● Task item
Your output should be exactly the lines from the one containing "5 applications of welded wire mesh-image" through the final line of the records, both included, with every picture left out.

Collected data entries:

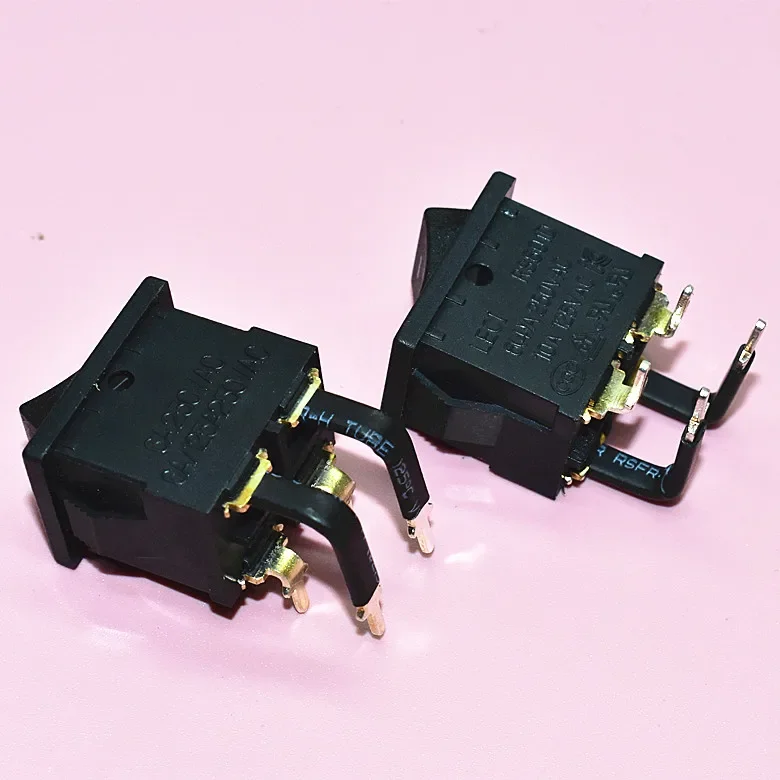 Industrial Sewing Machine Computerized Flatbed Truck Control Box Power Activation Switch 4-feet Bent Weld Plate Pin Key Switch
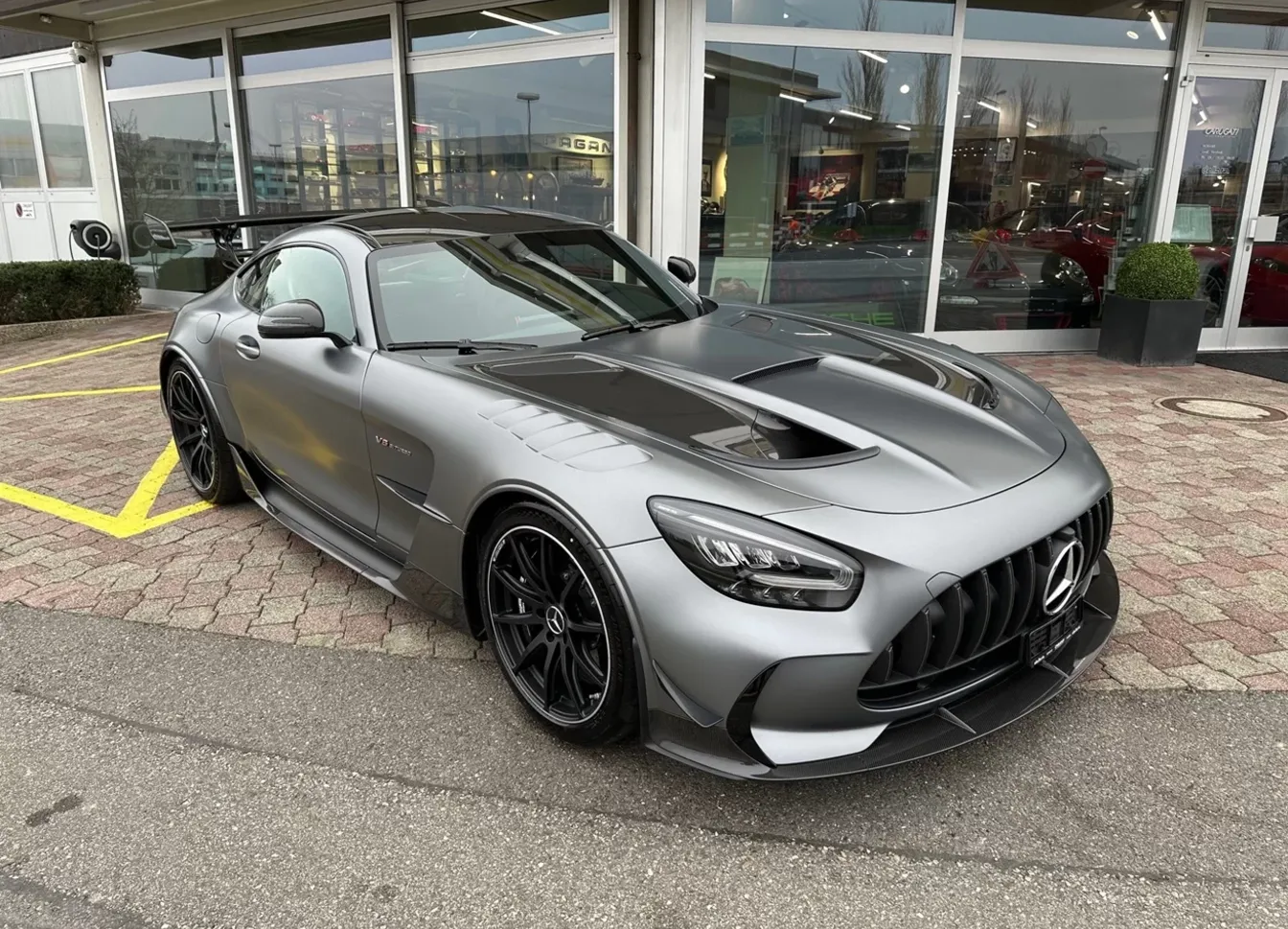 Mercedes-Benz AMG GT Black Series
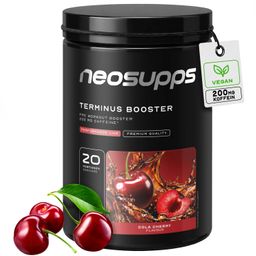 Neosupps Terminus Booster Cola Cherry, 540g, Pre Workout Booster mit Koffein
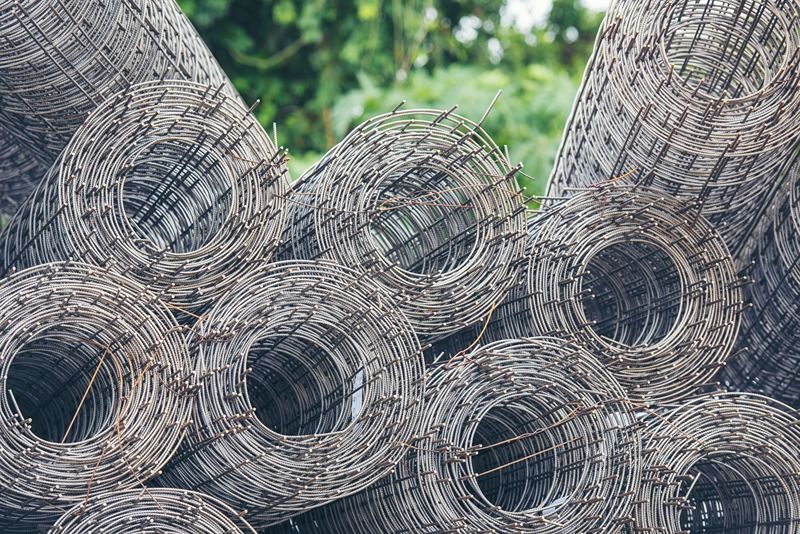 5 applications of welded wire mesh-image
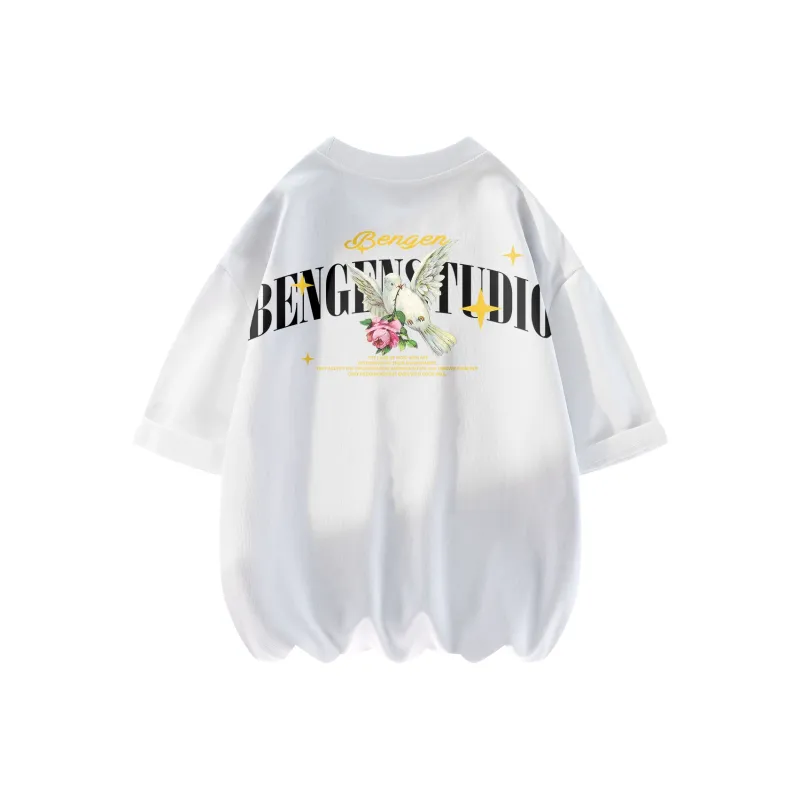 BENGEN T Shirts Unisex-2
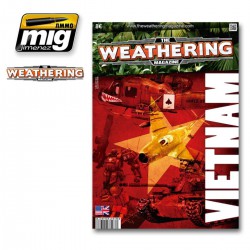 AMMO BY MIG A.MIG-4507 The Weathering Magazine 8 Vietnam (Anglais)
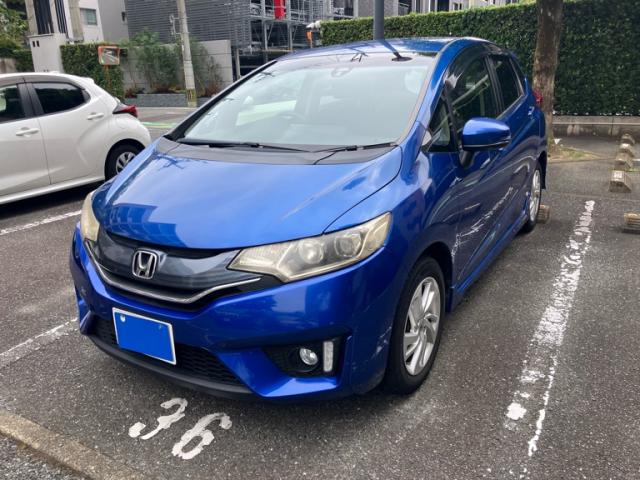 2015 Honda Fit 13G･S Package
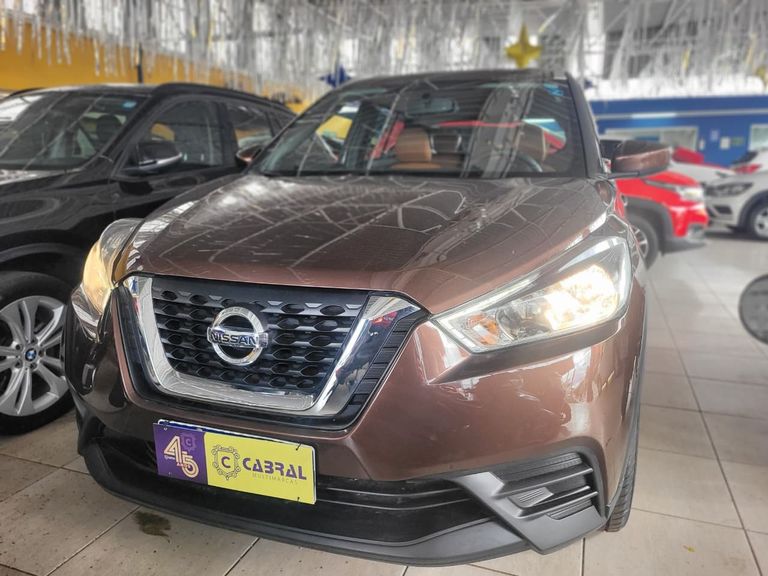 Nissan KICKS S 1.6 16V FlexStar 5p Mec.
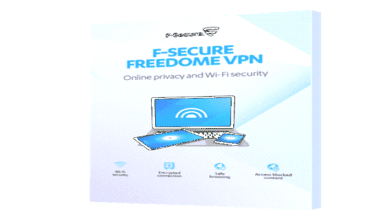 افضل برنامج VPN كامل مفعل F-Secure Freedome VPN 2.41.6817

● Task response
 5 applications of welded wire mesh-image
 BENGEN T Shirts Unisex-2
 AMMO BY MIG A.MIG-4507 The Weathering Magazine 8 Vietnam (Anglais)
 2015 Honda Fit 13G･S Package
 Nissan KICKS S 1.6 16V FlexStar 5p Mec.
 افضل برنامج VPN كامل مفعل F-Secure Freedome VPN 2.41.6817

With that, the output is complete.